A couple days into our trip, we visited the mall, and while wandering down one hallway, I spotted this dress on a manikin in a store window and was magnetically drawn to it. My sisters were all with me, encouraging me to buy it--but I've avoided buying any new clothing for so long, and I'm trying not to add any to our possessions, so I resisted. I left the mall, dress-less.

But my firmness of will turned out to be not quite so firm after all. This dress was still on my mind 5 days after I first saw it, so I returned to the mall, tried it on, and bought it.

Dress, 1. Rachel, 0.

My reasoning for weakening enough to buy it was that you hardly ever actually come across a dress which screams your name, and your name alone. There are many pretty dresses in this world, but there are fewer "you" dresses.
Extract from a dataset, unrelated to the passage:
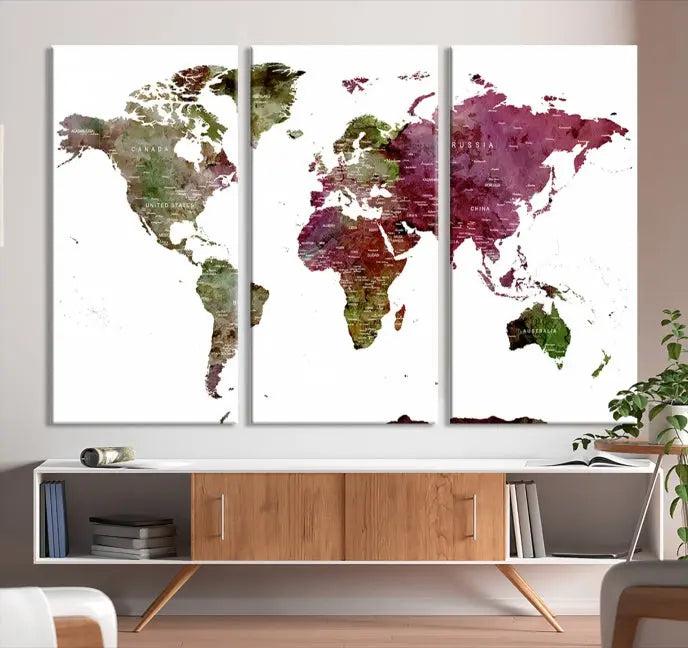 The stylish living room showcases a World Map Canvas Print, a three-panel art piece. Each canvas is gallery wrapped and finished with a UV-protective coating to maintain its vibrant appeal.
This, is, unabashedly, a "Rachel" dress. It called me. We were made for each other. The day I wore it, multiple people asked me if I made the dress, which further confirms in my mind that it looks like precisely the kind of dress only a Rachel could conceive.

Now, what does it say about me that the dresses that call to me look like they could just as easily be worn by clowns? I don't know.

Please forgive the awkward hand shot, but I was so proud of my actually painted nails. I hadn't painted my fingernails ever since we moved to China, but I've been making use of my sisters' nail polish stash here...and I also picked up two rings which seemed to be unappreciated by their rightful owners while I was cleaning their room, bringing my current number of rings worn at all times to 8. I'm still on the lookout for a ring for the index finger of my left hand. I've come to the conclusion that rings are the best jewelry investment for me, since they never merely sit in storage, they're always on me!